TensorFlow on a single GPU

TensorFlow is a well-known library developed primarily in Google which has been proven to be one of the most robust, reliable, and fast libraries for deep learning among developers. I think most of us have had some form of exposure to TensorFlow at some point in our deep learning/machine learning journey.

In this section we focus on using a single GPU for training our model. It is rather easy to transfer/port training of the model to the GPU with minimal coding.

TensorFlow supports running computations on a variety of types of devices, including CPU and GPU. They are represented with string identifiers for example:

/device:CPU:0: The CPU of your machine.

/GPU:0: Short-hand notation for the first GPU of your machine that is visible to TensorFlow.

/job:localhost/replica:0/task:0/device:GPU:1: Fully qualified name of the second GPU of your machine that is visible to TensorFlow.

If a TensorFlow operation has both CPU and GPU implementations, by default, the GPU device is prioritized when the operation is assigned. For example, tf.matmul has both CPU and GPU kernels and on a system with devices CPU:0 and GPU:0, the GPU:0 device is selected to run tf.matmul unless you explicitly request to run it on another device.

If a TensorFlow operation has no corresponding GPU implementation, then the operation falls back to the CPU device. For example, since tf.cast only has a CPU kernel, on a system with devices CPU:0 and GPU:0, the CPU:0 device is selected to run tf.cast, even if requested to run on the GPU:0 device.

Get the physical devices

After booking a node with multiple GPUs, let’s check if we have TensorFlow module loaded and if the physical GPU device is available.

import tensorflow as tf
print("Num of GPUs Available: ", len(tf.config.list_physical_devices('GPU')))
print("TensorFlow version: ", tf.__version__)

Num of GPUs Available:  6
TensorFlow version:  2.5.0

We can see the list of all of available devices:

tf.config.list_physical_devices()

[PhysicalDevice(name='/physical_device:CPU:0', device_type='CPU'),
PhysicalDevice(name='/physical_device:GPU:0', device_type='GPU'),
PhysicalDevice(name='/physical_device:GPU:1', device_type='GPU'),
PhysicalDevice(name='/physical_device:GPU:2', device_type='GPU'),
PhysicalDevice(name='/physical_device:GPU:3', device_type='GPU'),
PhysicalDevice(name='/physical_device:GPU:4', device_type='GPU'),
PhysicalDevice(name='/physical_device:GPU:5', device_type='GPU')]
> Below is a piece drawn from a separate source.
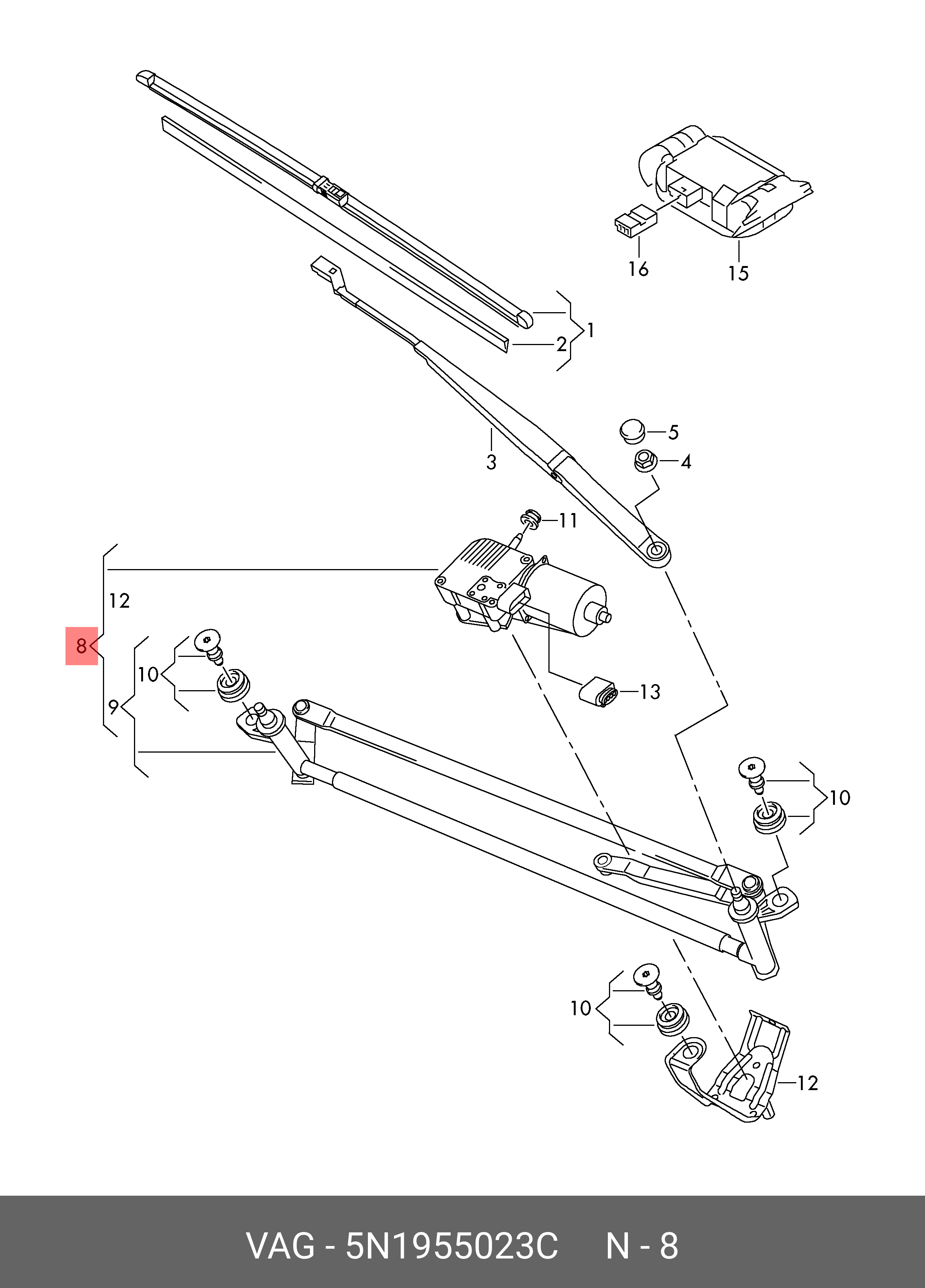 5N1955023C VAG Мотор дворника+Трапеция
If you have GPUs, then you should see the GPU device in the above list. We can also check specifically for the GPU or CPU devices.

tf.config.list_physical_devices('GPU')
tf.config.list_physical_devices('CPU')

Placement of calculations

TensorFlow automatically place tensor operations to physical devices which is by default is the GPU if available. Now, let’s define a random Tensor, and check where it is placed.

x = tf.random.uniform([3, 3])
x.device

'/job:localhost/replica:0/task:0/device:GPU:0'

The above string will end with GPU:K if the Tensor is placed on the K-th GPU device. We can also check if a tensor is placed on a specific device by using device_endswith:

print("Is the Tensor on CPU #0:  "),
print(x.device.endswith('CPU:0'))
print('')
print("Is the Tensor on GPU #0:  "),
print(x.device.endswith('GPU:0'))

Is the Tensor on CPU #0:
False

Is the Tensor on GPU #0:
True

Determining the Placement

It is possible to force placement on specific devices, if they are available. We can view the benefits of GPU acceleration by running some tests and placing the operations on the CPU or GPU respectively.

import time
def time_matadd(x):
  start = time.time()
  for loop in range(10):
      tf.add(x, x)
  result = time.time()-start
  print("Matrix addition (10 loops): {:0.2f}ms".format(1000*result))

def time_matmul(x):
  start = time.time()
  for loop in range(10):
      tf.matmul(x, x)
  result = time.time()-start
  print("Matrix multiplication (10 loops): {:0.2f}ms".format(1000*result))

We run the above tests first on a CPU using tf.device("CPU:0"), which forces the operations to be run on the CPU.

print("On CPU:")
with tf.device("CPU:0"):
  x = tf.random.uniform([1000, 1000])
  assert x.device.endswith("CPU:0")
  time_matadd(x)
  time_matmul(x)

On CPU:
Matrix addition (10 loops): 3.51ms
Matrix multiplication (10 loops): 199.40ms

And doing the same operations on the GPU:

if tf.config.experimental.list_physical_devices("GPU"):
  print("On GPU:")
  with tf.device("GPU:0"):
    x = tf.random.uniform([1000, 1000])
    assert x.device.endswith("GPU:0")
    time_matadd(x)
    time_matmul(x)

On GPU:
Matrix addition (10 loops): 0.89ms
Matrix multiplication (10 loops): 22.64ms

Note the significant time difference between running these operations on different devices.

Logging device placement

We can find out which devices your operations and tensors are assigned to by putting tf.debugging.set_log_device_placement(True) as the first statement of your program. Enabling device placement logging causes any Tensor allocations or operations to be printed.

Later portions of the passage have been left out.